White Blossom Clover
- Takes a wide range of soils and climates
- Fixes to 125 lbs of nitrogen an acre
- Good grazing quality
- Grows very tall
White Blossom Sweet Clover is a legume that is later maturing than Yellow Blossom and is taller and coarser. It is palatable early and can also be hayed early. It is mostly used as a soil builder or bee habitat. This clover is a short lived perennial or biennial.
Yellow Blossom Sweet Clover
- Most drought-tolerant of forage legumes
- Quite winter-hardy
- Penetrates deep down in soil
- Adds up to 275 lbs. N/A and valuable organic matter
Yellow blossom sweetclover is not a true clover but is probably more closely related to alfalfa.
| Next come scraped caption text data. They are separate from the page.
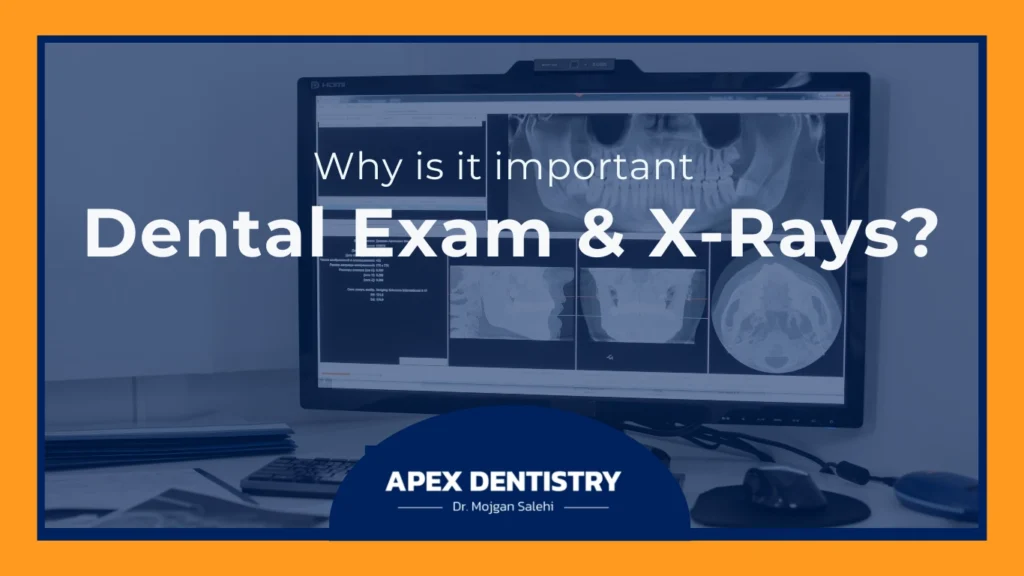 Apex dentistry-Dental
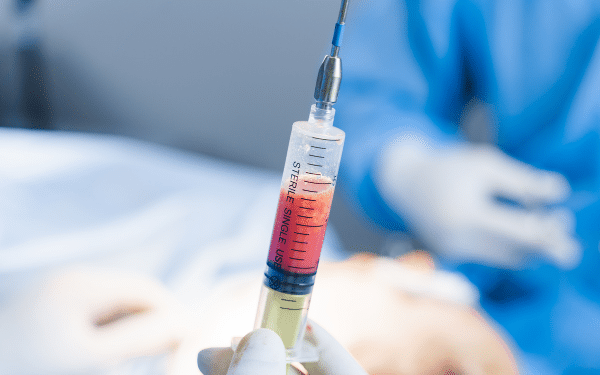 Lipofilling Lipofilling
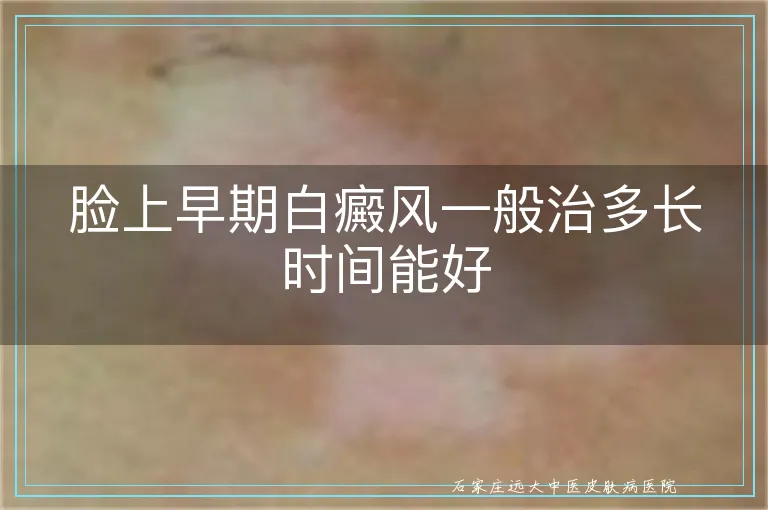 脸上早期白癜风一般治多长时间能好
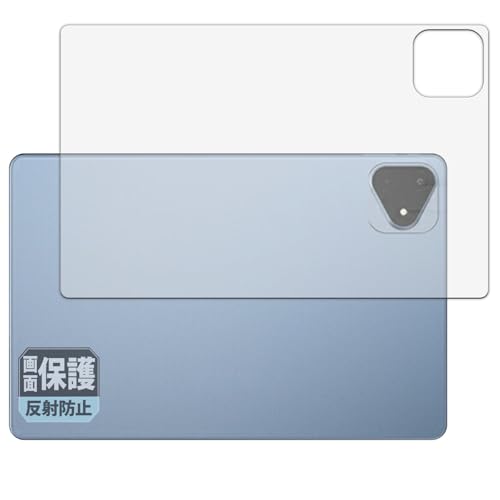 Leipsden ALLDOCUBE iPlay60 Pro (w) Ή ClearShield ی tB ˒ጸ hCA hw {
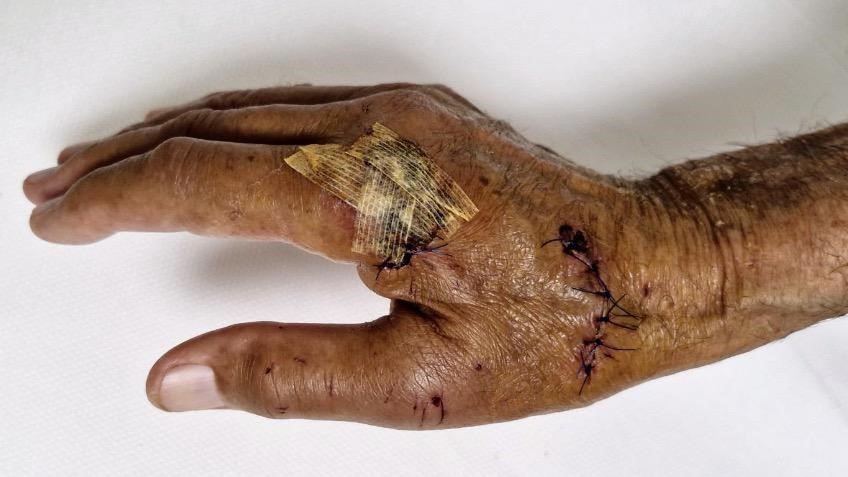 Antalya'da duşa kabin patladı, eline 20'ye yakın dikiş atıldı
Sweetclover leaves look much like alfalfa, but the margins of alfalfa leaflets are serrated only on the tips. Sweetclover leaflets are serrated around their entire margin. It is typically a biennial, grows 2-6 feet high, and as the name implies, produces yellow flowers. It is used for forage, cover cropping, conservation, and honey making. When compared to the white flowering types of sweetclover, yellow blossom blooms roughly 2 weeks earlier and also matures earlier, usually grows less upright, possesses finer stems, and is less productive and less winter-hardy. However, yellow blossom sweetclover persists better in pastures and tolerate adverse conditions better than white varieties. Sweetclover can produce and deposit a high percentage of hard seeds that persist in the soil for many years. This accounts for its consistent volunteering in many areas.